0

I tried to extract the download url from the webpage. the code which tried is below

function getbinaryurl ($url)
   {

    $curl = curl_init($url);
    curl_setopt($curl, CURLOPT_RETURNTRANSFER, true);
    curl_setopt($curl, CURLOPT_FRESH_CONNECT, true);
    $value1 = curl_exec($curl);
    curl_close($curl);        
    $start = preg_quote('<script type="text/x-component">', '/');
    $end = preg_quote('</script>', '/');
    $rx = preg_match("/$start(.*?)$end/", $value1, $matches);
    var_dump($matches);
}
 $url = "https://www.sourcetreeapp.com/download-archives";
 getbinaryurl($url);

this way i am getting the tags info not the content inside the script tag. how to get the info inside.

expected result is: https://product-downloads.atlassian.com/software/sourcetree/ga/Sourcetree_4.0.1_234.zip, https://product-downloads.atlassian.com/software/sourcetree/windows/ga/SourceTreeSetup-3.3.6.exe, https://product-downloads.atlassian.com/software/sourcetree/windows/ga/SourcetreeEnterpriseSetup_3.3.6.msi

i am very much new in writing these regular expressions. can any help me pls.

mvsr
  • 29
  • 5
  • why looking for script tags ? on your url, the links you are looking for are "enclosed" by A tags... not sure what you are up to here – Pierre Feb 09 '20 at 17:43
  • Wouldn’t domDocument be a better tool for this? – Tim Morton Feb 09 '20 at 17:49
  • as i am not much aware of extraction i depend on the script tags. if any better idea of extract the info please help me with that. – mvsr Feb 09 '20 at 17:50

1 Answers1

2

Instead of using regex, using DOMDocument and XPath allows you to have more control of the elements you select.

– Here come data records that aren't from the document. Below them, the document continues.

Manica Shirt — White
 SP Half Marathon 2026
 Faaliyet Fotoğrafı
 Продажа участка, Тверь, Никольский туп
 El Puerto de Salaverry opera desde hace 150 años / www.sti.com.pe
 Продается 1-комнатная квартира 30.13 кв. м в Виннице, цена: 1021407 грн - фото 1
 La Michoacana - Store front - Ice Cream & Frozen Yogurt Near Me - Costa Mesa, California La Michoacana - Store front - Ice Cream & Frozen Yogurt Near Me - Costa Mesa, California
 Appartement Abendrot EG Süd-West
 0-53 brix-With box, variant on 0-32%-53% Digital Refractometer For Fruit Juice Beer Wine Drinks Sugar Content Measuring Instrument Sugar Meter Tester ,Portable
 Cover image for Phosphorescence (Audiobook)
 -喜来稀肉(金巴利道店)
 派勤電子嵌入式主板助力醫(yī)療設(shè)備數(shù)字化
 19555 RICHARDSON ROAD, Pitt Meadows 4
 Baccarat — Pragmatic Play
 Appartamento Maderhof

Although XPath can be difficult (same as regex), this can look more intuitive to some. The code uses //script[@type="text/x-component"][contains(text(), "macURL")] which broken down is

  • //script = any script node
  • [@type="text/x-component"] = which has an attribute called type with the specific value
  • [contains(text(), "macURL")] = who's text contains the string macURL

The query() method returns a list of matches, so loop over them. The content is JSON, so decode it and output the values...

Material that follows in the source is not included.